What to produce
Only the lines from the one that contains "NWT Gap High" through the end of the entries, both included, should be transcribed, exactly and without pictures.

Records drawn from a dataset
══════════
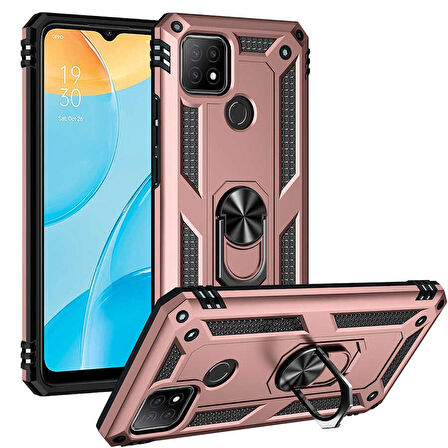 Oppo A15 Uyumlu Kılıf Standlı Manyetik Yüzüklü Military Ring TPU Cover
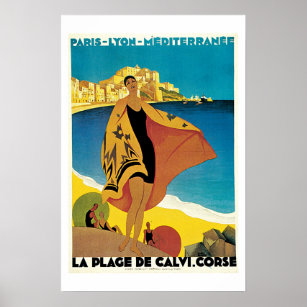 Paris Lyon Mediterranean Vintage Travel Poster
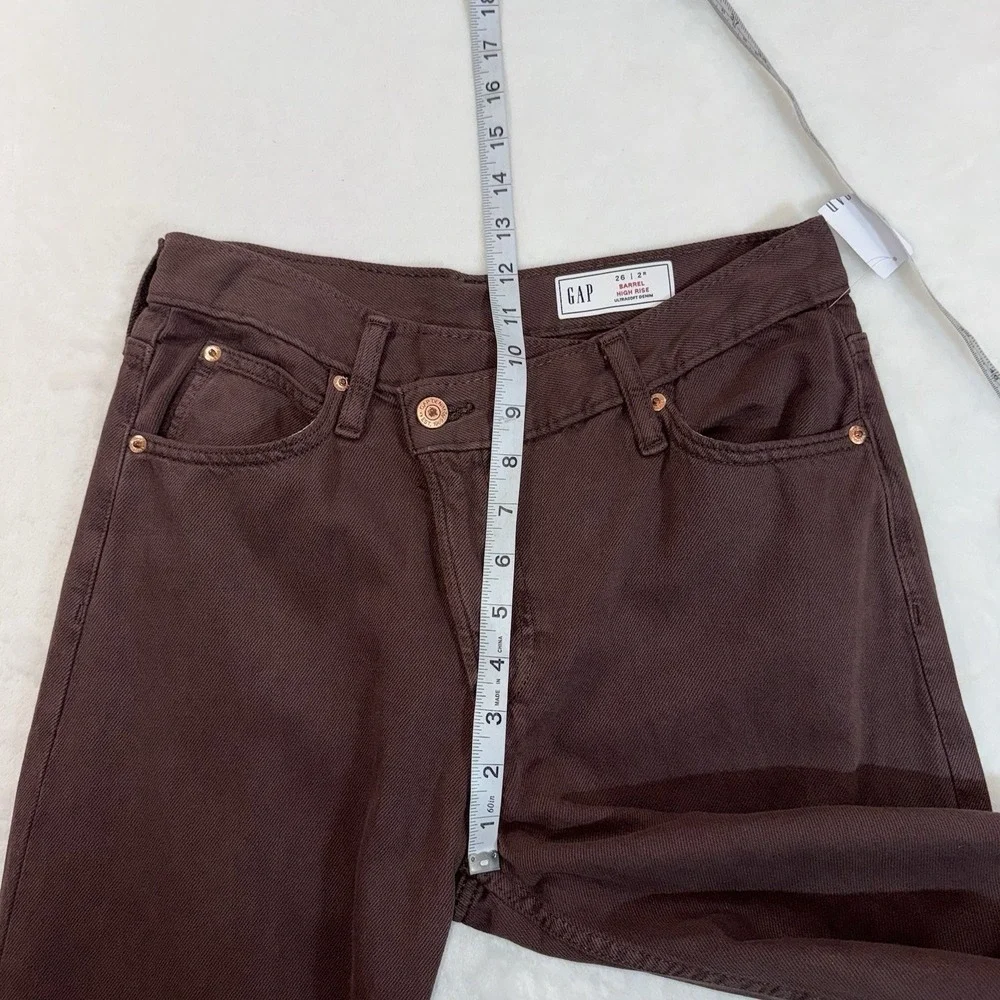 NWT Gap High Rise Crossover Barrel Jeans Size 26 Dark Brown Boho Hippie 90s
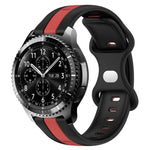 Correia de Relógio em Silicone Bicolor com Fivela Borboleta 22mm, Para Samsung Galaxy Watch3 45mm, Para Samsung Galaxy Watch 46mm, Para Samsung Gear S3 Classic, Para Samsung Gear S3 Frontier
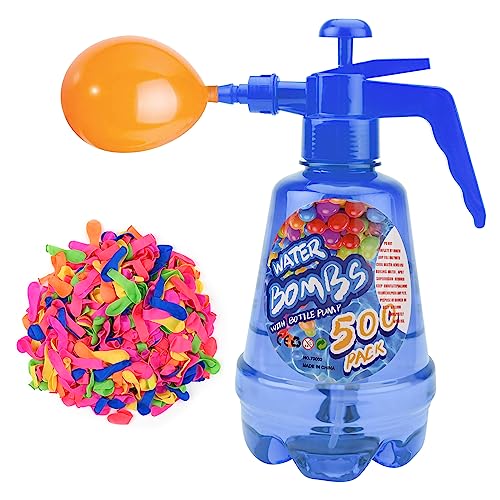 Juego de bomba de globo de agua de 1.5 L, bomba de globo de agua de aire con 500 globos de agua, 3 en 1, botella de spray para niños, juegos de piscina y jardín al aire libre (azul)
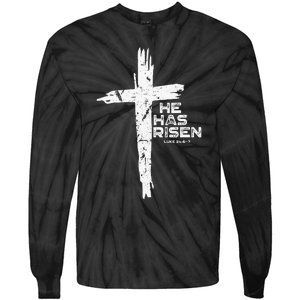 Happy Easter Jesus He Has Risen Religious Christian Tie-Dye Long Sleeve Shirt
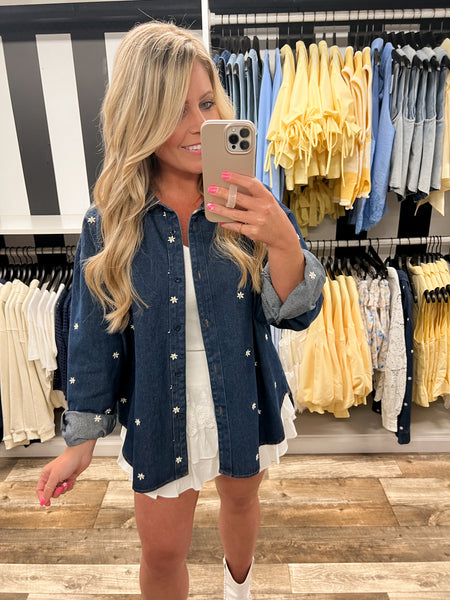 Floral Embroidered Button Up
══════════
Answer to the exercise
 NWT Gap High Rise Crossover Barrel Jeans Size 26 Dark Brown Boho Hippie 90s
 Correia de Relógio em Silicone Bicolor com Fivela Borboleta 22mm, Para Samsung Galaxy Watch3 45mm, Para Samsung Galaxy Watch 46mm, Para Samsung Gear S3 Classic, Para Samsung Gear S3 Frontier
 Juego de bomba de globo de agua de 1.5 L, bomba de globo de agua de aire con 500 globos de agua, 3 en 1, botella de spray para niños, juegos de piscina y jardín al aire libre (azul)
 Happy Easter Jesus He Has Risen Religious Christian Tie-Dye Long Sleeve Shirt
 Floral Embroidered Button Up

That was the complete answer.